> [DIRECTIONS]: Leave out any picture and return the remaining listing below exactly as given.
--- START ---
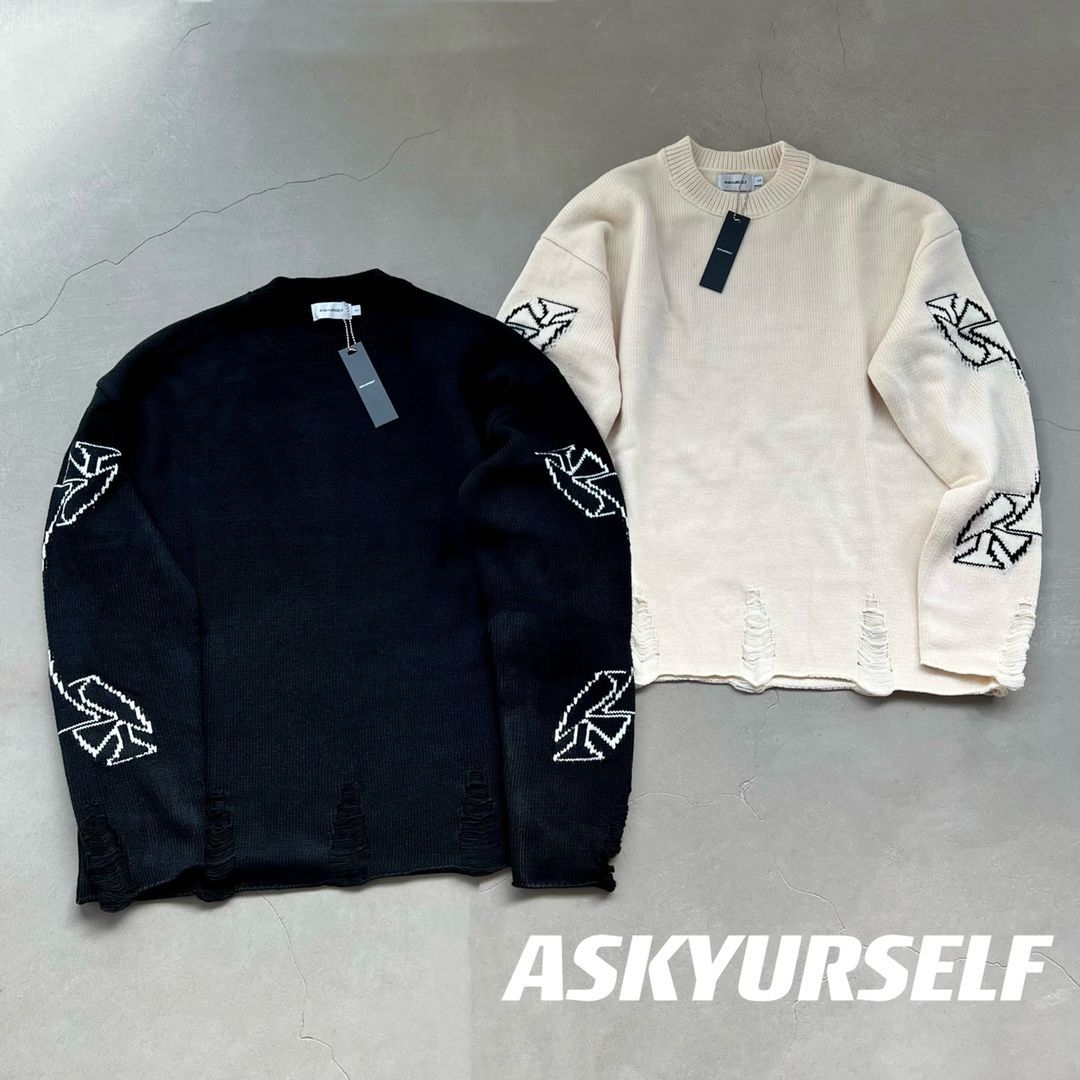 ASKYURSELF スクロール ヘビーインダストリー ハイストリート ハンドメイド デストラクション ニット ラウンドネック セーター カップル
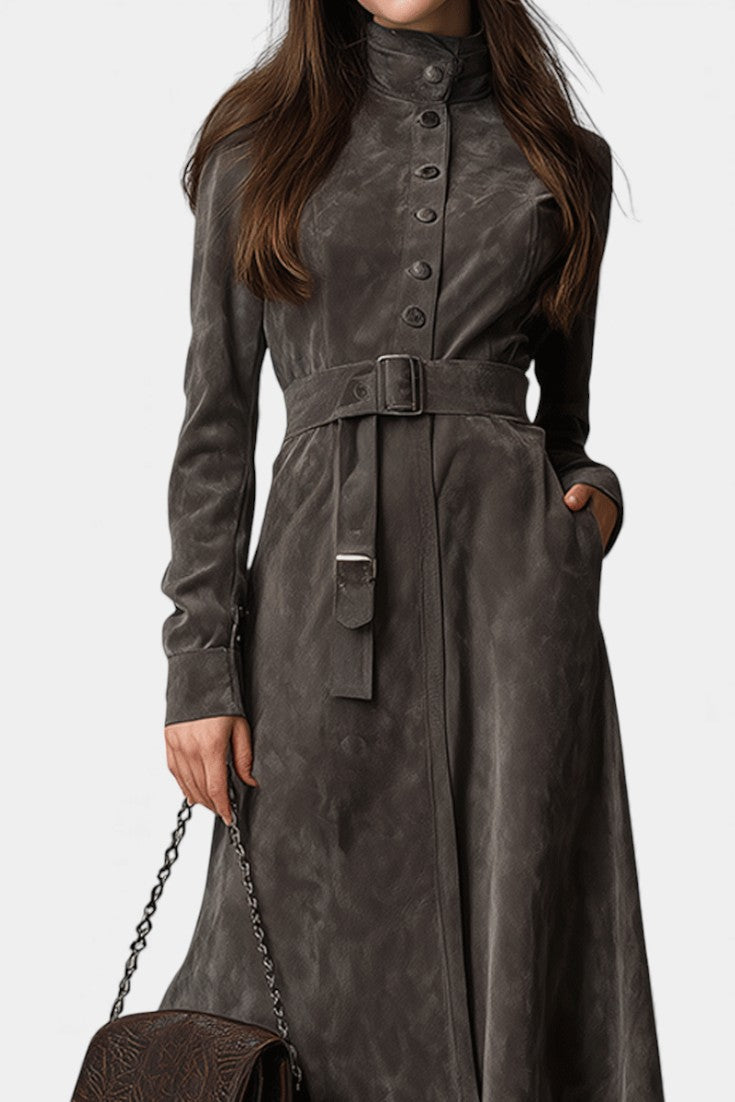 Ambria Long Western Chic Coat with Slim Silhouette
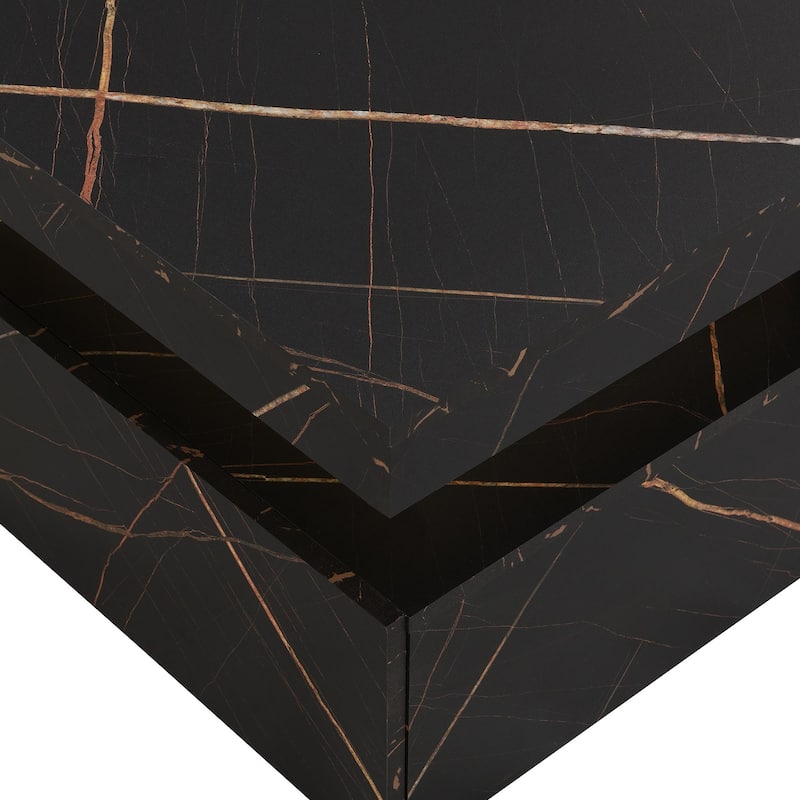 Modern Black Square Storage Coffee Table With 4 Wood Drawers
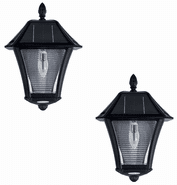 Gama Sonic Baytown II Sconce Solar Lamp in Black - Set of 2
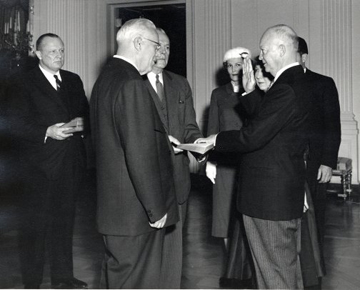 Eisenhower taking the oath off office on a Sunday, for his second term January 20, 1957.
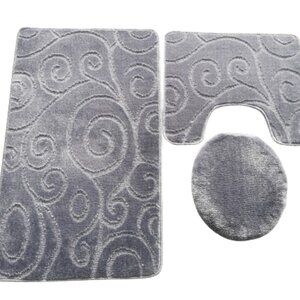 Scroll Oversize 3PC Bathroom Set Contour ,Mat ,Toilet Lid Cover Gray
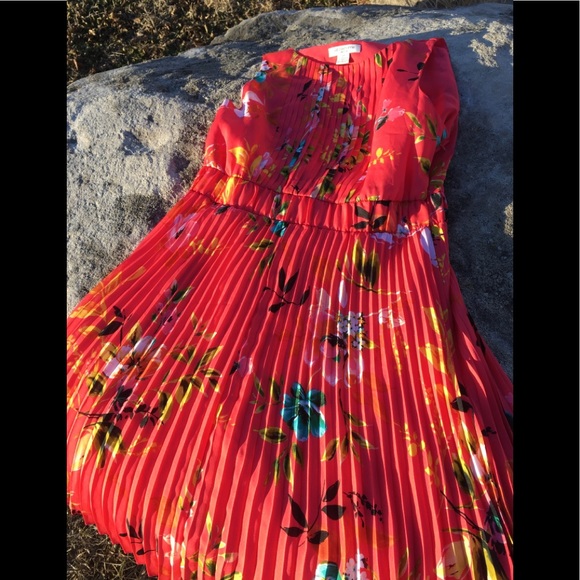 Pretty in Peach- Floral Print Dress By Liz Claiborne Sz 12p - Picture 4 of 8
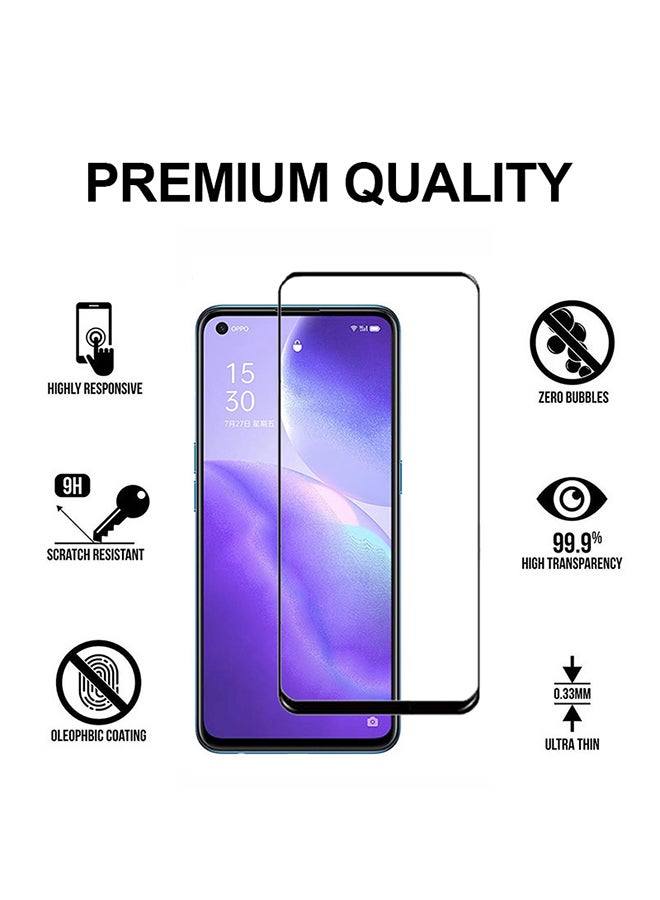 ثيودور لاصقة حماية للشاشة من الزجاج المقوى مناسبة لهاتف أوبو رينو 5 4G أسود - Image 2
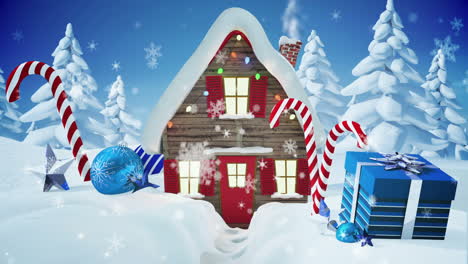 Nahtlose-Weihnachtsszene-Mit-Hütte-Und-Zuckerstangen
--- END ---
> [RESPONSE BELOW]:
 ASKYURSELF スクロール ヘビーインダストリー ハイストリート ハンドメイド デストラクション ニット ラウンドネック セーター カップル
 Ambria Long Western Chic Coat with Slim Silhouette
 Modern Black Square Storage Coffee Table With 4 Wood Drawers
 Gama Sonic Baytown II Sconce Solar Lamp in Black - Set of 2
 Eisenhower taking the oath off office on a Sunday, for his second term January 20, 1957.
 Scroll Oversize 3PC Bathroom Set Contour ,Mat ,Toilet Lid Cover Gray
 Pretty in Peach- Floral Print Dress By Liz Claiborne Sz 12p - Picture 4 of 8
 ثيودور لاصقة حماية للشاشة من الزجاج المقوى مناسبة لهاتف أوبو رينو 5 4G أسود - Image 2
 Nahtlose-Weihnachtsszene-Mit-Hütte-Und-Zuckerstangen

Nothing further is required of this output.